Accordingly, the aggregate base cost of the Ordinary shares which should be apportioned against the B Shares redemption proceeds, received by shareholders on 10 July 2024, is 45.79%, calculated as follows:
Class of share |
Market value on first (pence per share) |
Relevant ratio used for the issue of B Shares |
Relevant value (pence per share) |
Relevant percentage |
Ordinary share* |
45.1 |
21 |
947.1 |
54.21% |
B Share |
1 |
800 |
800 |
45.79% |
* The lower of the two prices for an Ordinary share shown in the London Stock Exchange Daily Official List for 5 July 2024 as the closing price for an Ordinary share on that day plus one-half of the difference between those two figures in accordance with SI 2015/616. |
The information above does not constitute tax advice and is intended only as a guide to United Kingdom law and HMRC published practice (which are both subject to change at any time, possibly with retrospective effect) in June 2024. It relates only to certain limited aspects of the United Kingdom taxation treatment of shareholders and is intended to apply only to shareholders who are resident in the United Kingdom for United Kingdom tax purposes and who are, and were the absolute beneficial owners of their Ordinary shares and B Shares and who hold, or held, them as investments (and not as securities to be realised in the course of a trade) other than under an ISA. The information above may not apply to certain shareholders, such as, but not limited to, dealers in securities, insurance companies, collective investment schemes and shareholders who are exempt from taxation. The position may be different for future transactions.
Shareholders who are in any doubt as to their tax position or who are subject to tax in a jurisdiction other than the United Kingdom should consult an appropriate professional adviser.

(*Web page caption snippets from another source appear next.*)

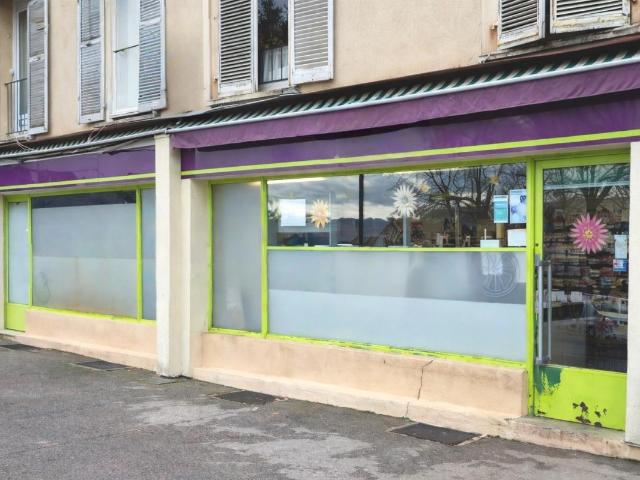 Appartement vente à Saint-Dié-des-Vosges, Saint-dié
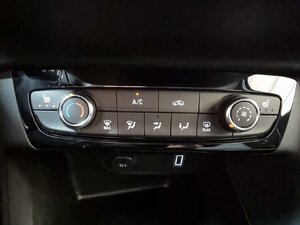 Corsa Tech-, Komfort Paket Alu Allwetter Klima Led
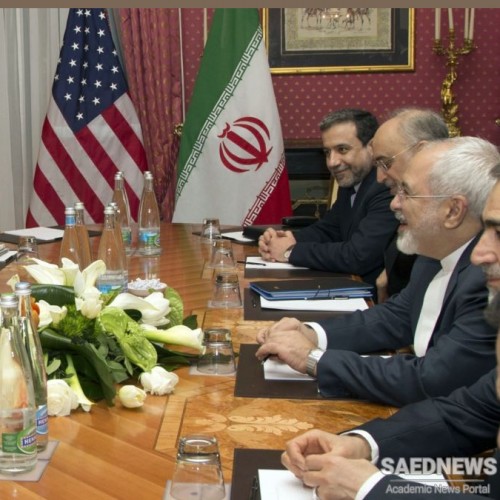 Expectations High for JCPOA's Revival Following Biden Presidency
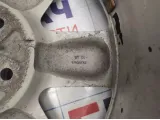 Диск литой Nissan R17 5*114.3 1 шт.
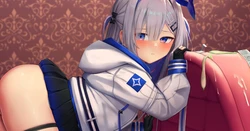 [Yoru Aruki] Amane Kanata (Amane Kanata)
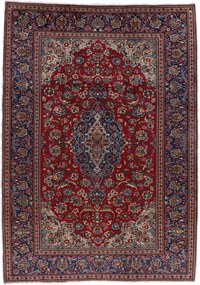 Kashan Tappeto persiano 360 x 260 (Iran) Annodato A Mano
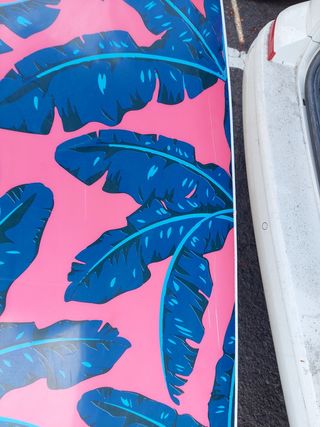 Tabla de Surf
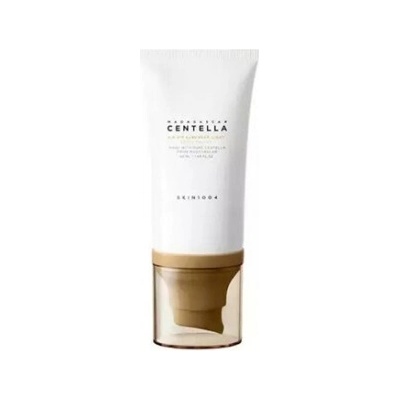 SKIN1004 Слънцезащитен крем матиращ, , Skin1004 Madagascar Centella Air-Fit Sunscreen Face SPF30+ 50ml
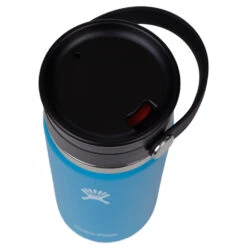 Hydro Flask Wide Mouth Flex Sip Lid -Freien Camping Geschäft hydro flask wide mouth flex sip lid detail 3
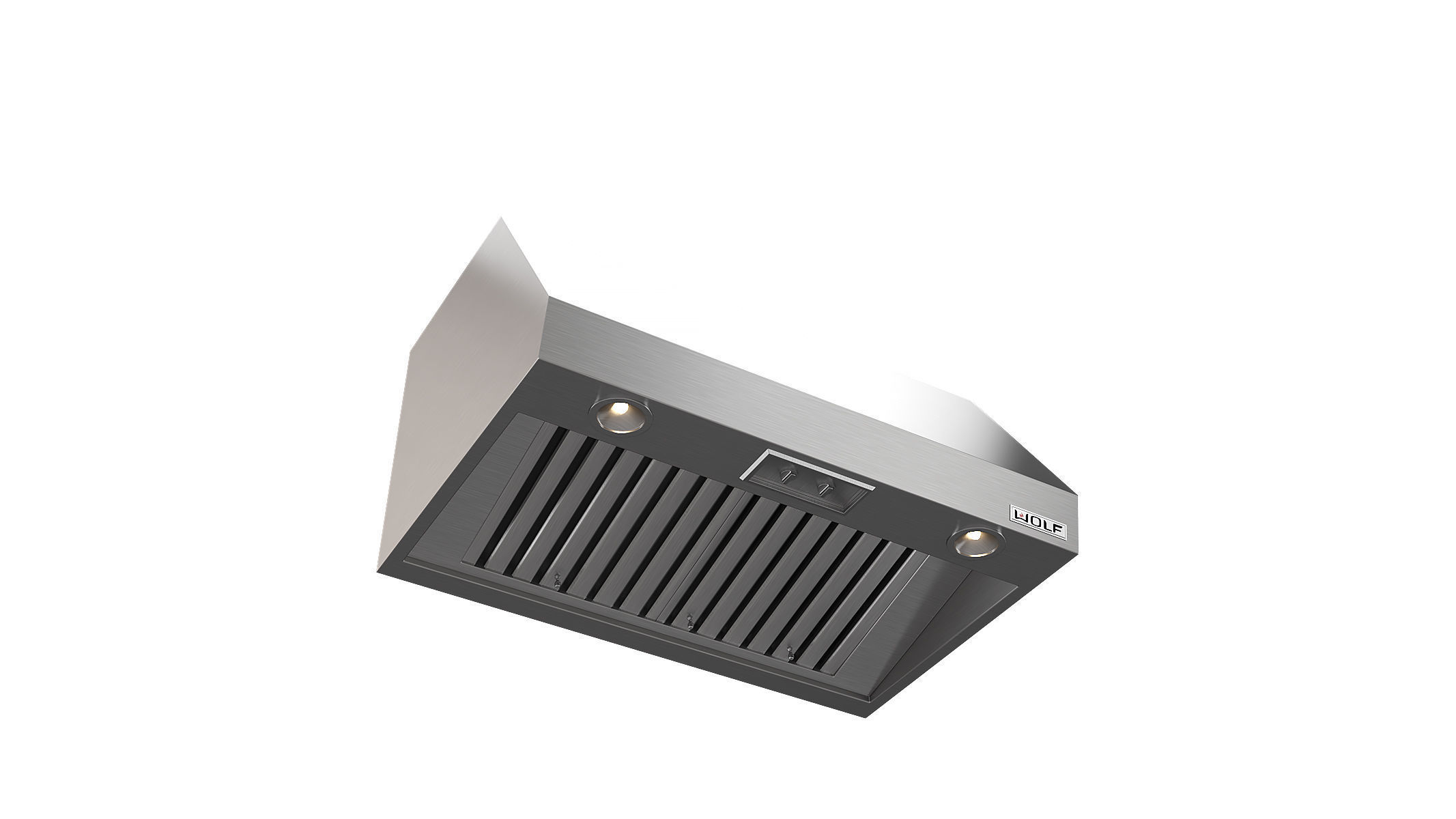 Wolf Wall Mount Canopy Range Hood Collection _18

Additional Notes to the Annual Financial Report
The published Annual Report will be posted to shareholders in January 2025 and copies will be available from the registered office of the Company and on the Company's website at - www.abrdndiversified.co.uk *
Please note that past performance is not necessarily a guide to the future and that the value of investments and the income from them may fall as well as rise. Investors may not get back the amount they originally invested.
By order of the Board
abrdn Holdings Limited
Company Secretary
20 January 2025
* Neither the Company's website nor the content of any website accessible from hyperlinks on the Company's website (or any other website) is (or is deemed to be) incorporated into, or forms (or is deemed to form) part of this announcement.